To effectively educate students on substance abuse and violence prevention, it is essential to discuss healthy alternatives to substance use. It is also important to predict the potential effects of one person's substance abuse on other people. In some cases, a student may have to accept that the doctor and university dean share protected information in order to maintain a good academic level. If a student is an international student in the United States with a visa, they may be able to apply for a medical license either to receive treatment in the United States or abroad.
However, if a higher education institution or university is already aware of a mental health or substance use problem among its students, they can force students to receive treatment under the threat of expulsion. Drug testing is not uncommon in other college and university settings such as college athletes or those entering medical and dental schools. However, it is relatively rare for undergraduate universities to require students to undergo drug testing. Understandably, students may be reluctant to share information about their substance use history with a doctor who works at a campus health services center with this type of agreement.

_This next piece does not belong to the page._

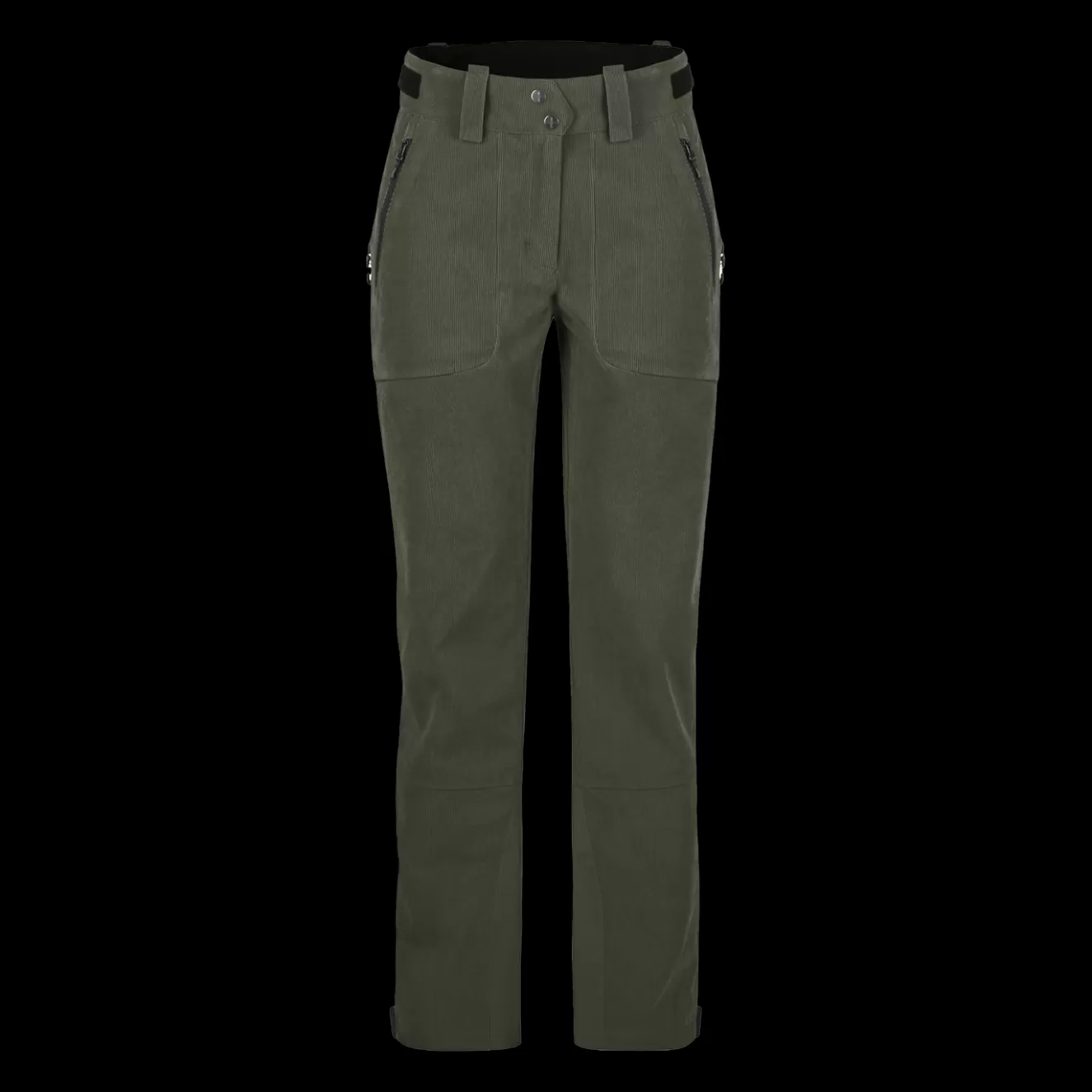 Montura Scialpinismo | Pantaloni<AROSA CORDUROY PANTS WOMAN VERDESALVIA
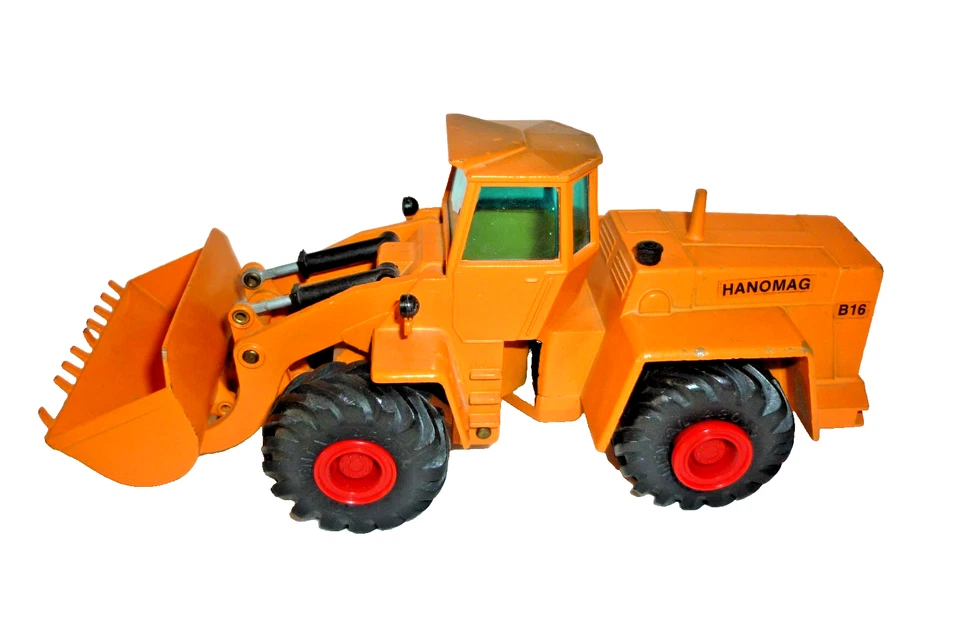 Cursor Metallmodell 569 Hanomag B 16 Werbemodell Radlader Excavator 1:50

In order to further educate students on substance abuse and violence prevention, every odd-numbered year CDE conducts a statewide survey of risk and protective factors for Colorado teens. This survey also focuses on programs, disciplinary measures, and policies implemented to prevent and reduce crime and violence in schools. In total, 42,531 students from 396 public and private schools participated in this year's Monitoring the Future survey. Finally, students receiving treatment close to their college or university may face additional difficulties during summer months when there are no classes especially if they live geographically far from campus.
It is important for universities to be aware of these difficulties so they can provide support for these students.